The tendency for bimodal distributions in PDFs generated by the Darwin-CBIOMES-0 configuration also occurs in Longhurst provinces in the westerlies biome. Here, the differences between satellite-derived and modeled Chl is less clear, with some provinces having extremely similar distributional shapes and others mainly having different variances. The province with the biggest differences is the Mediterranean Sea, a result that is not surprising, especially when considering the complex hydrology and distinct ecosystem dynamics there. Longhurst provinces in the trades biome show generally good fits between the model and OC-CCI. Provinces in this biome showed a general pattern in which the model and satellite-derived Chl distributions had similar shapes but with an offset relative to each other. The biggest differences in the trades biome are found in the Caribbean and the adjacent north tropical gyre. Both provinces show significantly lower Chl concentrations in Darwin-CBIOMES-0 and tend to be skewed towards low values with longer tails.

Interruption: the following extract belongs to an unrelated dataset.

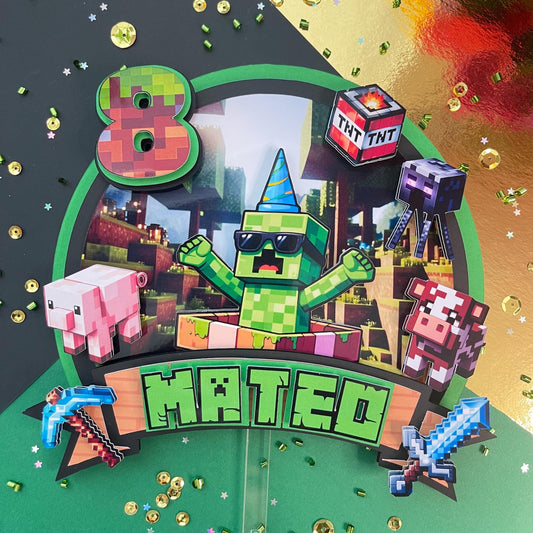 Birthday Creeper Miner Cake Topper: Gamer Theme Party Decoration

Dividing the different data sets into monthly distributions allowed us to further diagnose possible differences between OC-CCI and the Darwin-CBIOMES-0 configuration. We found that provinces in the polar biome tended to show the largest discrepancies during winter and spring, a pattern that is consistent with results given by Jonsson et al. (2015). It is also notable that these provinces and seasons occurred where and when simulated Chl in Darwin-CBIOMES-0 differed the most from Rrs-derived Chl in the model. These misfits can be due to a number of factors, such as inadequate model inputs, forcings, model inputs, forcings, parameterizations, numerical schemes, problems arising from bio-optical constraints due to extreme light conditions, unresolved physical processes, or a combination of these. Two specific causes suggested by Jonsson et al. (2015) are a meridional misalignment of the physical processes that drive Chl variability in the Antarctic Ocean or a lack of small-scale variability in the mixed layer dynamics. The latter explanation is supported by comparing the distributions of mixed layer depths from Argo floats and two CMIP5 class climate models with a 1 spatial resolution, showing that shallow mixed layers are observed even during the winter in the Southern Ocean. These short-lived events could generate small phytoplankton blooms that keep the total biomass from decreasing to the low concentrations seen in the models (Jonsson et al.2015). The difference in polar phytoplankton biomass between models and satellite-derived products is an area in need of more research.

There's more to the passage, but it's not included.